→ Required work
From the material below, return exactly the lines starting at the one that holds "Malý křeček v" and ending at the one that holds "Lionto 900 Hundekotbeutel, Schwarz/grün 9". Pictures stay out of the answer.

→ Material for this exercise
-- Opening Marker --
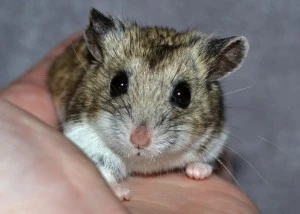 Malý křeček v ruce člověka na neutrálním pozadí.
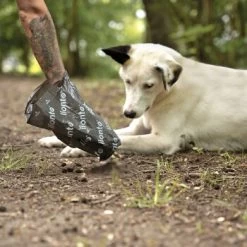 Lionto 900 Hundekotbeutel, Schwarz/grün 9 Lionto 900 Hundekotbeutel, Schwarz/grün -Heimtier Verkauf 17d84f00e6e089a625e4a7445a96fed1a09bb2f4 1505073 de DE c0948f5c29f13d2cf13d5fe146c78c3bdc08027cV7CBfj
-- Closing Marker --
-- Opening Marker --
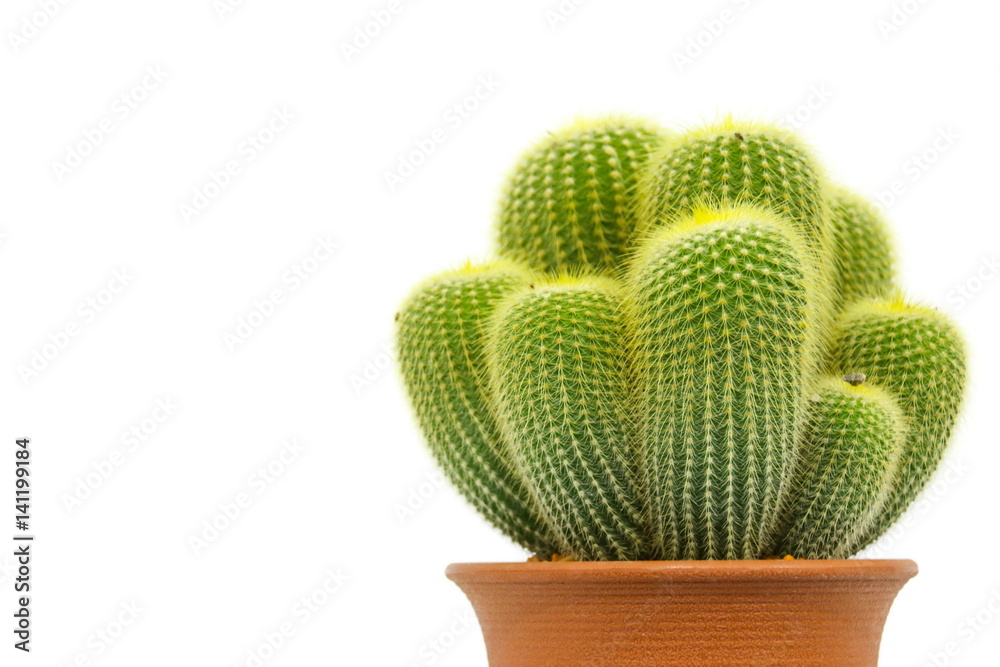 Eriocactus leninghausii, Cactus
-- Closing Marker --
→ Your solution
 Malý křeček v ruce člověka na neutrálním pozadí.
 Lionto 900 Hundekotbeutel, Schwarz/grün 9 Lionto 900 Hundekotbeutel, Schwarz/grün -Heimtier Verkauf 17d84f00e6e089a625e4a7445a96fed1a09bb2f4 1505073 de DE c0948f5c29f13d2cf13d5fe146c78c3bdc08027cV7CBfj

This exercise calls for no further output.